Laura Lamson (May 2, 1948 – October 13, 2008) was an American screenwriter and university lecturer who was based in England throughout her career. Her most successful work was her adaptation of The Men's Room for the BBC.
Born Laura Lamson Kerstetter in Berea, Ohio, she spent much of her early life living around the Midwest. The only daughter of William and Leona Kerstetter, she had one sibling, a brother, William Jr. The family moved often as her father, a university professor, took jobs at various universities. They finally settled in Greencastle, Indiana in 1962 when her father became president of DePauw University. Lamson returned to Ohio to study English and psychology at Ohio Wesleyan University. She spent a year studying in England where she met Christopher King and the couple married shortly afterwards in 1970 in Greencastle.
Lamson and King settled in England, where she began work in the media and he worked as a television director.

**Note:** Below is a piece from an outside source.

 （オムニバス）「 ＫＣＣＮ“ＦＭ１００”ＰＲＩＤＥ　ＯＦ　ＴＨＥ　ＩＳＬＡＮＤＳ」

She worked in London as a script reader for Columbia Pictures in 1980. Soon after, she began focusing upon script writing and one of her first screenplays was a feature film adaptation of Elizabeth Smart's poem By Grand Central Station I Sat Down and Wept. Despite interest from various producers, the film was never made. However, the quality of the script opened doors for Lamson.
She and King divorced in 1986 and she brought up their two young sons, Matthew and Jamie, as a single parent. Matthew is a television producer and Jamie is an actor. In the early 1990s she found success with an adaptation of Ann Oakley's 1989 book The Men's Room starring Dame Harriet Walter, detailing sexual impulses in the workplace. Leading actor Bill Nighy, who played Mark Carleton, said the mini-series launched his career. The five-part series for the BBC was well received by both the press and the public.